Menulis ulang sejarah dengan cara Mahathir

7 Juli 2023

KUALA LUMPUR – Seorang pemimpin yang pernah dihormati ingin agar Malaysia didorong kembali ke zaman kegelapan.

TUN Dr Mahathir Mohamad mungkin sudah lupa, namun sekitar 30 tahun yang lalu, perdana menteri saat itu mengumumkan visi besar untuk mengangkat Malaysia menjadi negara maju pada tahun 2020.

Untuk mencapai hal ini, ia menyusun rencana sembilan poin. Tujuan teratasnya di Wawasan 2020 adalah menyatukan bangsa Malaysia yang bersatu dan terdiri dari satu Bangsa Malaysia.

Beliau juga ingin mengubah negara kita menjadi masyarakat yang dewasa, liberal dan toleran. Pilar lainnya termasuk menciptakan masyarakat Malaysia yang bebas, aman dan maju.

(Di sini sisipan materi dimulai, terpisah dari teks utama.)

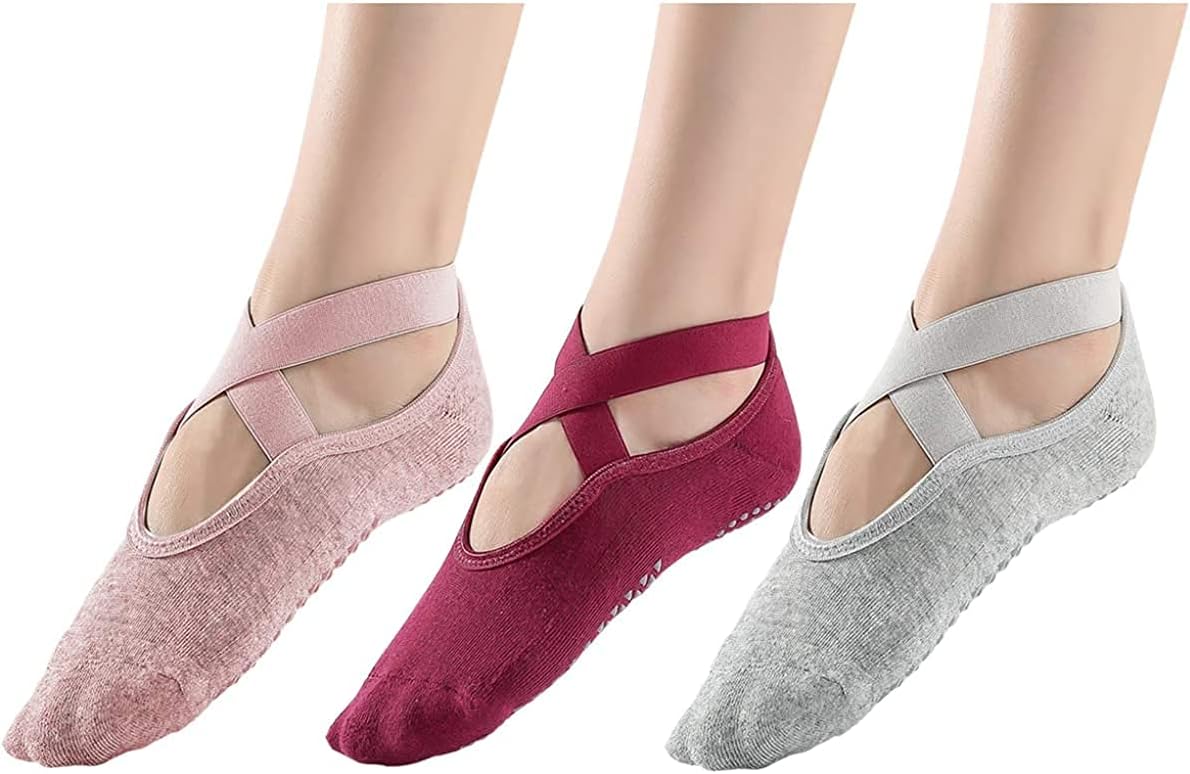 Spestyle Yoga Socks with Grips for Women Pure Barre, Ballet, Dance, Barefoot Workout Non Slip (3 Pairs )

Ia juga mengumumkan niatnya untuk memajukan masyarakat demokratis yang matang dan menjamin masyarakat yang berkeadilan ekonomi di mana terdapat distribusi kekayaan negara yang adil dan merata.

Hal tersebut merupakan cita-cita yang luhur, namun dapat dikatakan bahwa Malaysia, yang saat itu menikmati pertumbuhan ekonomi yang mengesankan, sangat yakin bahwa hal tersebut dapat terwujud.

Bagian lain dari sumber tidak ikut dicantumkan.